Iraqis who worked with the security and intelligence agencies of the former regime have appealed to the interim government for jobs.

 

Under the former regime tens of thousands of Iraqis were involved in the five primary agencies that made up the Iraqi security apparatus.

 

Nearly 70,000 people were assigned to the protection of former leader Saddam Hussein and his regime, not including the four military divisions that constituted the elite Republican Guard.

 

Those directly involved in intelligence and security function were estimated at about 30,000.

 

When the regime fell in April 2003, the US civil administration of the country at the time disbanded all these formations.

 

As a result they lost careers and income and suddenly became among the most vulnerable in the society.

 

“The decision to dismantle the security services including the police force was irrational and has caused of anger and resentment,” said Aziz Jassem, an employee of the former Directorate of General Security.

 

He said the decision denied tens of thousands of Iraqis and their families “the means of livelihood.”

 

He said he was never involved in any crime against the Iraqi people as his job was “to crack down on smuggling, currency forgers and embezzlement in government ministries as well as monitoring prices and traders.”

 

Jassem has been without a job since April 2003 and at 42 he needs to look after four children, a wife and his parents.

 

“I ask the interim government to reconsider the decision of sacking us and give us back our jobs because we have families,” he said.

 

Anwar Kareem said he was working as a mechanic in a car repair workshop in the former Mukhabarat or intelligence.

 

“My section had nothing to do with actions usually attributed to the Mukhabarat and still the US-led Coalition laid us off without compensation at a time we have families to look after,” he said.

 

Many of the employees of the former security and intelligence agencies say they are ready to join the country’s fledging security forces and contribute to maintaining law and order.

 

However, anyone associated with the former security organizations would need “a clean bill of health” from a political party represented in the interim government.

 

Hadi Jibouri, of the Supreme Council for the Islamic Revolution in Iraq, said “the bill” would not be granted because members of the former security organizations had “their hands stained with the blood of the Iraqi people.”

 

The interim government has set up a new security and intelligence apparatus and according to its commander Lt.
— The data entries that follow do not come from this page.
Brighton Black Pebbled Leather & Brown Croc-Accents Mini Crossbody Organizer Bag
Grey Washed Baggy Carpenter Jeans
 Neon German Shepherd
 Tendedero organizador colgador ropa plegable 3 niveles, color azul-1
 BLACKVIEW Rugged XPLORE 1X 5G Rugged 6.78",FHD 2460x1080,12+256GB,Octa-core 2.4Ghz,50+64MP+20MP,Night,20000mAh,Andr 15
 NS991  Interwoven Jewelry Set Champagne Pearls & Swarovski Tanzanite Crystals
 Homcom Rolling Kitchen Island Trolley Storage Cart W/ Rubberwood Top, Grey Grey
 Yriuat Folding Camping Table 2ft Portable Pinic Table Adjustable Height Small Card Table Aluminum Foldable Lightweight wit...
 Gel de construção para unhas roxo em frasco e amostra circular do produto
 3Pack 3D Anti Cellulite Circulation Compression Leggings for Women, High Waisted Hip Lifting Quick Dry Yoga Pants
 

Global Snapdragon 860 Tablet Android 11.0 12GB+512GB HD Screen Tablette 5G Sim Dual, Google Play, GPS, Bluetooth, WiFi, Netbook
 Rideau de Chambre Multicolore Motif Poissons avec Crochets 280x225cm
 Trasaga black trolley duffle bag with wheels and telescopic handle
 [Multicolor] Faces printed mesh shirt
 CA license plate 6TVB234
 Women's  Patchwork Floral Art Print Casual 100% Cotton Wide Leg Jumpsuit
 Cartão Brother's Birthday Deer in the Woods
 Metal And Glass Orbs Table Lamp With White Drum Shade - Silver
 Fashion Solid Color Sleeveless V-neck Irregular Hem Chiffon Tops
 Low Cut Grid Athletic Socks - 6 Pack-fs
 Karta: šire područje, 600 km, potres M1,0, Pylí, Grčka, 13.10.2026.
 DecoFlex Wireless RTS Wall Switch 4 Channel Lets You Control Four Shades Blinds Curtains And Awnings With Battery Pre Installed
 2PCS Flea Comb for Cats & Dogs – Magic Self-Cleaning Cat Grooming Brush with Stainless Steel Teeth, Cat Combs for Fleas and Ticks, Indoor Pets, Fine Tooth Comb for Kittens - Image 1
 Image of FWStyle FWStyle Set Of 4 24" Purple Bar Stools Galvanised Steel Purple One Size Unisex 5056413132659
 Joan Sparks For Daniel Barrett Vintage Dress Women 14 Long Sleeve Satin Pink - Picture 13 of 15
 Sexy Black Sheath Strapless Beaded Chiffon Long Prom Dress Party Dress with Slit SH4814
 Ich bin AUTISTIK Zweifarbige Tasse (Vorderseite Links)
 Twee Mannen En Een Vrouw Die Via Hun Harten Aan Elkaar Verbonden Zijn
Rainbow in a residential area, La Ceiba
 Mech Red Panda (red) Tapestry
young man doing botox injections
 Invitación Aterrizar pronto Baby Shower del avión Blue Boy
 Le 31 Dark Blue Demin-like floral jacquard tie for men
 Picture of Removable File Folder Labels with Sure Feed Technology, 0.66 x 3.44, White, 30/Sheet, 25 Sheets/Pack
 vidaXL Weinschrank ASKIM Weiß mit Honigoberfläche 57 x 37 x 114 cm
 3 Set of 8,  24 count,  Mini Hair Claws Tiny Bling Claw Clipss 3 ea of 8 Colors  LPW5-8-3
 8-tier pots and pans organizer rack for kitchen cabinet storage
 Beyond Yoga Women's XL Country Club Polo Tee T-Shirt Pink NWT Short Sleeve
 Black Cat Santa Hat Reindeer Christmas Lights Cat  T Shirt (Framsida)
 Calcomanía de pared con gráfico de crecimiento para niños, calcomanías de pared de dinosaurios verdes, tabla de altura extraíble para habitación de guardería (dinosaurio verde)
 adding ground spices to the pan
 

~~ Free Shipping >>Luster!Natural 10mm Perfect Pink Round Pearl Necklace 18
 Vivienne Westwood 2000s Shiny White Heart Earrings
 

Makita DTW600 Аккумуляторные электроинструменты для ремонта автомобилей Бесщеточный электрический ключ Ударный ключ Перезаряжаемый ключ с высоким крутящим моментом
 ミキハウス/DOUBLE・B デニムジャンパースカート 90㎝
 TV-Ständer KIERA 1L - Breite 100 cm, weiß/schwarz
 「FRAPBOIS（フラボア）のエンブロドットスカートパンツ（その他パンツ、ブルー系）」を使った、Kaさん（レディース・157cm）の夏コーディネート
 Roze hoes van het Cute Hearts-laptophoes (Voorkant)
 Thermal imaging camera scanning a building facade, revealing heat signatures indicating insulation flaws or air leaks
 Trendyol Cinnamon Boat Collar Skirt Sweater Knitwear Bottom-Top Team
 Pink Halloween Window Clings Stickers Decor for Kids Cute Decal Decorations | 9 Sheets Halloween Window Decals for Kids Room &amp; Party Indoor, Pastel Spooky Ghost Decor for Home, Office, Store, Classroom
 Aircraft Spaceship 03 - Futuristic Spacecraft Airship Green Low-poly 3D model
Gen. Mohammed al-Shahwani former security members were welcome to join once proving they were not personally involved in crimes against the Iraqi people.

 

Despite the interim government’s efforts to accommodate as many of the former army and security personnel as possible, hundreds of thousands are said to be still idle.

 

The US-led administration had also dissolved the armed forces which included more than half a million troops.

 

The result has been an army of unemployed and resentful Iraqis made redundant simply because they were mostly forced to join the security and military organizations of the former regime.

 

Many in Iraq attribute the current state of lawlessness and violence to US decisions that disbanded all the security and military formations that functioned under former leader Saddam Hussein.